I was up-front in the interview about my lack of swimming skills, but to my surprise, the organization hired me on the spot, saying I could learn on the job. It would be sink or swim for me—literally. I was wary, but the director promised she would work with me. She assured me I’d learn what I needed to know. I definitely almost drowned, but I stuck with the training. Perhaps more importantly, the director stuck with me. She guided my learning process and kept me on the right track, helping me apply good principles.
Under the director’s guidance, I swam daily, learning the strokes and studying books on lifeguarding in my off-hours. I was putting in the work, but because I wasn’t training alone or trying to handle things by myself, I advanced at a rapid rate. My body grew stronger, my swimming more secure, and my lifeguard skills became top-notch. Eventually, I was able to pass the lifeguard test and start taking shifts at the club. Life looked good from atop the lifeguard stand, and at the end of the summer, I was awarded Lifeguard of the Year.
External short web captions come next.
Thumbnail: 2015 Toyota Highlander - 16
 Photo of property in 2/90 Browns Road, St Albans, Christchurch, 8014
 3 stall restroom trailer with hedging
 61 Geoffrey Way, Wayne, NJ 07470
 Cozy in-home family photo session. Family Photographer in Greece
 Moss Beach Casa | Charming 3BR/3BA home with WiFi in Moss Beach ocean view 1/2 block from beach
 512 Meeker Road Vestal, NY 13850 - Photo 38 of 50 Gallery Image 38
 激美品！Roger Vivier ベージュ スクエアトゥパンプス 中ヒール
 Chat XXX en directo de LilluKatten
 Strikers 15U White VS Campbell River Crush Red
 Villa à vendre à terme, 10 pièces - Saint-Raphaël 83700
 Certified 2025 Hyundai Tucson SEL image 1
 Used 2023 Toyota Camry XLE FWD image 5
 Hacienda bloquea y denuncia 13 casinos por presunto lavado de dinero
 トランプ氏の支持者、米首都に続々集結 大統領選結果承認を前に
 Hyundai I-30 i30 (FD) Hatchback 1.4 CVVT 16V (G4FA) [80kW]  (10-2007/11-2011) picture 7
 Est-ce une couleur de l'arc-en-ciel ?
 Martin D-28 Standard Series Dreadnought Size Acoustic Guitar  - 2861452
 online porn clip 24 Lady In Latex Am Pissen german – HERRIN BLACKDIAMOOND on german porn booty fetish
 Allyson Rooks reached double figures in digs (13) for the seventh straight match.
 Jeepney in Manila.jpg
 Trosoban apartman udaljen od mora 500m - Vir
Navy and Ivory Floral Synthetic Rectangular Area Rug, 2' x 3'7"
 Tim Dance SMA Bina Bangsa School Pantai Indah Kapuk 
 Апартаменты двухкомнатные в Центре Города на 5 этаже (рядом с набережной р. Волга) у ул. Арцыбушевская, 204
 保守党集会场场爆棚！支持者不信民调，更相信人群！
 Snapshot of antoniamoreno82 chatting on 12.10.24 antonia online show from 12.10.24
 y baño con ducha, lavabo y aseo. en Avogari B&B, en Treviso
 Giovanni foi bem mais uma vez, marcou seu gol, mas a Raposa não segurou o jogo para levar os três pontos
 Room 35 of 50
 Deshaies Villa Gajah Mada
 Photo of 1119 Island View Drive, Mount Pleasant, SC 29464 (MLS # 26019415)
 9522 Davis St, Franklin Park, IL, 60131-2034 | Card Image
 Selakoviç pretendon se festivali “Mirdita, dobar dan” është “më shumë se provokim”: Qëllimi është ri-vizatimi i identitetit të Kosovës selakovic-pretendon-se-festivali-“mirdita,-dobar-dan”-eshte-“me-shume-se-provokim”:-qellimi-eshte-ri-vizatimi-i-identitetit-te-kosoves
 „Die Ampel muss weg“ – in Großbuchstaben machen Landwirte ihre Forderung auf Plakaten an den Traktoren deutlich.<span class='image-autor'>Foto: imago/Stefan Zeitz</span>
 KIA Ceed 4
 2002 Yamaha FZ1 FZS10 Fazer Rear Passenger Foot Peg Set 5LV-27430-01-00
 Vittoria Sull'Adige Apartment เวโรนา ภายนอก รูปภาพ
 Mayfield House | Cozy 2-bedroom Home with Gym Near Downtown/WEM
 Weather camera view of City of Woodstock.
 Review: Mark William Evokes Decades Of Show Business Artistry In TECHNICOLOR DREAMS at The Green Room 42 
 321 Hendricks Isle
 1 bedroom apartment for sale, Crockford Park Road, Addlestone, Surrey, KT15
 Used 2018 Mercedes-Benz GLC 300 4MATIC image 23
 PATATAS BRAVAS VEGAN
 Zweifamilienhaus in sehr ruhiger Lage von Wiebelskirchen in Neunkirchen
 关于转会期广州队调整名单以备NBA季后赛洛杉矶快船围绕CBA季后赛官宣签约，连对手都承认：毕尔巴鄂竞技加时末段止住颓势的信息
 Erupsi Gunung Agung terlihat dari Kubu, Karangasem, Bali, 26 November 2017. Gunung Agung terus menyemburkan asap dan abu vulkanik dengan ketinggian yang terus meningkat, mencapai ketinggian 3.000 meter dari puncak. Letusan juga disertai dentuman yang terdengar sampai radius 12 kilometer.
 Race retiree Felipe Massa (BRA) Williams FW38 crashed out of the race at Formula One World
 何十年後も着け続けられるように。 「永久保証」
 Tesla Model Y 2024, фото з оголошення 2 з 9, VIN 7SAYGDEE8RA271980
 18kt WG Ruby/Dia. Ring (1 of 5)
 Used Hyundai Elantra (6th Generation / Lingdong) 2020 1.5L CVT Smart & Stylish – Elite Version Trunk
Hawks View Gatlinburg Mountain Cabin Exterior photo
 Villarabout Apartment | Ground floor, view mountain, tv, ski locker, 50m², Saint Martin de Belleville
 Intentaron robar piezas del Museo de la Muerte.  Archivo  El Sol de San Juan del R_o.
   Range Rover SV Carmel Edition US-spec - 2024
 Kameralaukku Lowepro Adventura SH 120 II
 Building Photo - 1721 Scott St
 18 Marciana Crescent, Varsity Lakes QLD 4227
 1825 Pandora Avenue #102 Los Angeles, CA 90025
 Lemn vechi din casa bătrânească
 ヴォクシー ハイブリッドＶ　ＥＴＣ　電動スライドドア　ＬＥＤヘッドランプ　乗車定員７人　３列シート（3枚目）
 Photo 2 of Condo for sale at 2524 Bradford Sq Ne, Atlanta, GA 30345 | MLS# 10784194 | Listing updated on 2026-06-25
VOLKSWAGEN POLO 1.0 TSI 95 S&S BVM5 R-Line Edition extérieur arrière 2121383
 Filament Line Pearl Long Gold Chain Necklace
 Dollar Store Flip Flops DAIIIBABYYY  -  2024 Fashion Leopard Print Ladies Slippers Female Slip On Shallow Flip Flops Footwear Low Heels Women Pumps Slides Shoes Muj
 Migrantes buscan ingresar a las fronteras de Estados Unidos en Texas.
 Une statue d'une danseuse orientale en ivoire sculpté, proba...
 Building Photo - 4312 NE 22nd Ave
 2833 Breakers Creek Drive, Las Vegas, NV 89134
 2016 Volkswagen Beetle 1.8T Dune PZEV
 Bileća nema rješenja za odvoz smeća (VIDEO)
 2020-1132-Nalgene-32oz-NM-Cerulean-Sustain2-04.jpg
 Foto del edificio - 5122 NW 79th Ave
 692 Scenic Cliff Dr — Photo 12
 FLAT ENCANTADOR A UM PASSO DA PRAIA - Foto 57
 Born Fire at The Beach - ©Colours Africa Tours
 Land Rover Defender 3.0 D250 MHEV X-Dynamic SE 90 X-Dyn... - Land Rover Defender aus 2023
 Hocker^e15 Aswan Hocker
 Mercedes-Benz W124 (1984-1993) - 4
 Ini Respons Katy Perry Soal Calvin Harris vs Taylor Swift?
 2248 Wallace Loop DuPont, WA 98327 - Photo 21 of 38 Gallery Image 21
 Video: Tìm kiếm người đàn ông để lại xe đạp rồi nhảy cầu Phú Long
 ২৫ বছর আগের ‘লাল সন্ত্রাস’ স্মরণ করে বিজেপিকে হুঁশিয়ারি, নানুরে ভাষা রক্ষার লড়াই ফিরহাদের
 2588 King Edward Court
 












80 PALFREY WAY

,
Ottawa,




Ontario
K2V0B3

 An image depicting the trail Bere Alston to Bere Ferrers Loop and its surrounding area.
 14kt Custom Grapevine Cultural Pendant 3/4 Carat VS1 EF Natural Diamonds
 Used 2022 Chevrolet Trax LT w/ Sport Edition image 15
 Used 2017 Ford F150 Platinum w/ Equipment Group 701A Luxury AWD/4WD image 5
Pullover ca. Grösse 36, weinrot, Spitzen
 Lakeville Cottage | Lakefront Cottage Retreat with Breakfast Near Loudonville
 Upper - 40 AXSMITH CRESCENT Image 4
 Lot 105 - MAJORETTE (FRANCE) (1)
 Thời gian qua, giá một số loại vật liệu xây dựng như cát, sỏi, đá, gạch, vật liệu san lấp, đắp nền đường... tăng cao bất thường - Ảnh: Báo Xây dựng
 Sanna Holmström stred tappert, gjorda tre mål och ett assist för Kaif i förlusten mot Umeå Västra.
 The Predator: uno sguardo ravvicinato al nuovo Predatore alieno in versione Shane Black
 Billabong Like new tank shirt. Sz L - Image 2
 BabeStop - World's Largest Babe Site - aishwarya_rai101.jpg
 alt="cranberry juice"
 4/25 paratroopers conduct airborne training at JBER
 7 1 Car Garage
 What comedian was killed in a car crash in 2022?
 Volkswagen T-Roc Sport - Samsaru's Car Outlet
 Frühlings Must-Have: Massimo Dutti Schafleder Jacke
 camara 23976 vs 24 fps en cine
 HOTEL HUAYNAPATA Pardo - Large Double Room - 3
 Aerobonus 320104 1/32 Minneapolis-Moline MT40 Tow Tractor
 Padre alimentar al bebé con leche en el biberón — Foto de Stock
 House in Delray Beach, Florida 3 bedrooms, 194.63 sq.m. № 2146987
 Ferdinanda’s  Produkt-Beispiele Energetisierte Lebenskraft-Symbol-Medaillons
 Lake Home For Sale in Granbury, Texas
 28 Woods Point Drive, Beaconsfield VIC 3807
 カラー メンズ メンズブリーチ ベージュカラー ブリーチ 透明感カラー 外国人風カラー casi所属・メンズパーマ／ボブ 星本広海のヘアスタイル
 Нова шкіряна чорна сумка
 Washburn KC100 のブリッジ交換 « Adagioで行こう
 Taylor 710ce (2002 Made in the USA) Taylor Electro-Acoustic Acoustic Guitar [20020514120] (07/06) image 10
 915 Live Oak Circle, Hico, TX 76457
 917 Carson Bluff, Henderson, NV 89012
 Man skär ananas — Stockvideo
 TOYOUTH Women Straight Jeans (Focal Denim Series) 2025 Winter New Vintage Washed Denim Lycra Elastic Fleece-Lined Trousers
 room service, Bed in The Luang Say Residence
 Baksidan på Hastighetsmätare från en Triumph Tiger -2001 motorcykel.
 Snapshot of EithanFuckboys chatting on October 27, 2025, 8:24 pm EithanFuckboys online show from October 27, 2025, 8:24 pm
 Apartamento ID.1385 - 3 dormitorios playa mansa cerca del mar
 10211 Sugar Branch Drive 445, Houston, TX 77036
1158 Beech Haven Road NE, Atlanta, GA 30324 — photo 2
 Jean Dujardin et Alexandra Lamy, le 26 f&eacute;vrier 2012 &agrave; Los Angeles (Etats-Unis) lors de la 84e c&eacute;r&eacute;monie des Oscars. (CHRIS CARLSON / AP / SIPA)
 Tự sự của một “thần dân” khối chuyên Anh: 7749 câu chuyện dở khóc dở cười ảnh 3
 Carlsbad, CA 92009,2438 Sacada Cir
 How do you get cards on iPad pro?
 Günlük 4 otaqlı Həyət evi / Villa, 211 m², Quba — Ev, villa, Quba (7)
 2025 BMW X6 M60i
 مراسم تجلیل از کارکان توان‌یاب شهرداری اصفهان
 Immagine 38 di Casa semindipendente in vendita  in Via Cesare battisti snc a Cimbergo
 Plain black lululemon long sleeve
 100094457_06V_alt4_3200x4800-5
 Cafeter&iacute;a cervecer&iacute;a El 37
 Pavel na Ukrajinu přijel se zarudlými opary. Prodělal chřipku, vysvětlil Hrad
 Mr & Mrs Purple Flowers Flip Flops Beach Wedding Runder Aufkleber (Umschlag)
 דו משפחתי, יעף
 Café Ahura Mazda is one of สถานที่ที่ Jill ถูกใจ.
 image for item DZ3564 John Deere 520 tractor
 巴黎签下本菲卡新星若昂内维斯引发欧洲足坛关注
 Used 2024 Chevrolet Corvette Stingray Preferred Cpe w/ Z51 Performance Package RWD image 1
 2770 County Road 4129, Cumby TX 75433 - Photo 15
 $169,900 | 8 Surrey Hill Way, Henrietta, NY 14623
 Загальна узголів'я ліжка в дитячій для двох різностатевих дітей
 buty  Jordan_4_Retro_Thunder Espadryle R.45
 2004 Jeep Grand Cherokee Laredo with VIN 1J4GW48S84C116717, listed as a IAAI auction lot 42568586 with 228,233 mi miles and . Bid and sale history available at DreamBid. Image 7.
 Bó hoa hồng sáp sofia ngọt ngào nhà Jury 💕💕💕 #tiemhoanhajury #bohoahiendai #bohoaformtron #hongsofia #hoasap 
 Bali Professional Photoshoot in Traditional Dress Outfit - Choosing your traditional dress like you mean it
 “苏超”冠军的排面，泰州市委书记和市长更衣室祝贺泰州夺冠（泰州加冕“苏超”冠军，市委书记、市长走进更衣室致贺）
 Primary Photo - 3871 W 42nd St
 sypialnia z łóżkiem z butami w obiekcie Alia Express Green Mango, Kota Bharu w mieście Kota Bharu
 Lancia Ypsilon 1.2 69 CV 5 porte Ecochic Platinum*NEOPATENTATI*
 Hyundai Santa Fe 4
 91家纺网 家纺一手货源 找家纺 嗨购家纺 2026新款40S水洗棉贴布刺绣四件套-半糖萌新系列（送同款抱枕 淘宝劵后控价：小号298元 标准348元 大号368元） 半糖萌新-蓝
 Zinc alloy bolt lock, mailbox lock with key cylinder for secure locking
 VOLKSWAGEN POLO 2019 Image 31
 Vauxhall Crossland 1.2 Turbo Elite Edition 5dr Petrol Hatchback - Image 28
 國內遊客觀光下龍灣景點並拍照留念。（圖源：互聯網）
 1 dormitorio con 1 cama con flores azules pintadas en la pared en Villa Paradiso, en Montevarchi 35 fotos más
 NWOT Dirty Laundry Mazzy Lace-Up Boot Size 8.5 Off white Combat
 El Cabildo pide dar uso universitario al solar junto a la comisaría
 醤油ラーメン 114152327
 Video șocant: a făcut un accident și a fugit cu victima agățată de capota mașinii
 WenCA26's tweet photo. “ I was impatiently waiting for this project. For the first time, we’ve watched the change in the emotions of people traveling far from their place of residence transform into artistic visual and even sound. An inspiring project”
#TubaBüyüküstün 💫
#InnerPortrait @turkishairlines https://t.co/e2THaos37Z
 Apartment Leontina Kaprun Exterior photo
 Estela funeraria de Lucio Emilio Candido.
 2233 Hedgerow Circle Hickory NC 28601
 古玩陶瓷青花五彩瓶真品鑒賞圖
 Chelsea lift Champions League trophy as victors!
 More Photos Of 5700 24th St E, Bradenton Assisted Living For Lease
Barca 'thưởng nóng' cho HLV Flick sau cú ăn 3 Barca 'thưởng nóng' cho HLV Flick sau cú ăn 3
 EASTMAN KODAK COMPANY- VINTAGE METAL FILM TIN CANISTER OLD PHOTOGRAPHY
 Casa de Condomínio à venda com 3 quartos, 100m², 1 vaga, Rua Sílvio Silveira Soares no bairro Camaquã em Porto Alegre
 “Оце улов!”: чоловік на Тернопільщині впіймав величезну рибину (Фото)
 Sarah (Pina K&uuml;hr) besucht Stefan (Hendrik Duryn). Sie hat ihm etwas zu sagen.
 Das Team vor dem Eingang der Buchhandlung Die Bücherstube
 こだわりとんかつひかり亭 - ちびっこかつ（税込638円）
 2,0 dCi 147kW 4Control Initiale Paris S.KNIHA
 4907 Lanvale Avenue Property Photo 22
How had I gone from grease-splattered arms to a trophy in my hands? My desperation to escape a terrible job led to taking a risk I wouldn’t normally have taken—applying for a position that was above my abilities and was in the dead center of a gang neighborhood. I made a choice to seek accurate information and leverage the wisdom of an expert guide, and in doing so, I saw my prospects totally transform. Though born of desperation, my push for a new job had given me so much more than better summer employment and a trophy. It gave me a taste for agency.
Perhaps up till this point, you’ve felt that life has just been happening to you. Seasons come, seasons go, and all you do is react—never act. While there are elements to life that will always be beyond your control, there are still areas in which you can take charge and create agency today. Creating agency simply means that you take responsibility for your own life, much like Ruth did in Scripture.
Ruth didn’t have a lot of choices. She was a woman from Moab who had married a son of Israel, and a recent string of deaths in the immediate family had left her in a precarious situation. Her husband, brother-in-law, and father-in-law had all died, and in that ancient patriarchal society, that meant she didn’t have any means to provide for herself. Her mother-in-law, Naomi, told Ruth to return to her birth family and remarry into another household. For Ruth, that would mean remaining in Moab, going back to her clan, and returning to Moabite ways.
Instead, Ruth took her agency into her own hands. “Here’s what we’re going to do,” she told Naomi. “We’re sticking together. We’re heading back to your country together. Where you’re going, I’m going. Where you die, I’ll die.” Ruth was all in. She was a “ride or die” type of friend. Ruth could make it in the hood.
After traveling over mountains and across a desert, the women arrived back in Israel but not to a warm welcome. Naomi was a widow, which was a strike against her, and Ruth was even worse—she was both a widow and a foreigner. At every turn, they faced adversity and hardship.
Yet Ruth’s agency brought her to the field of Boaz, the extended family member through whom her Creator would provide for her and her mother-in-law. By the time we hear the last of Ruth, she had gained a new husband, a home, and a child. Naomi cherished Ruth and doted on Ruth’s new baby. And the women from the community declared that Ruth was better to Naomi than seven sons, an enormous compliment in those days.
Ruth’s transformation started when she looked at the choices in front of her and rejected them all. She exercised agency, prioritizing a relationship and family loyalty to reach something different. Through it all, Ruth’s Creator blessed her. Her life ended with more joy than she had likely ever imagined possible, and the change in her trajectory began when she stepped out and began making choices.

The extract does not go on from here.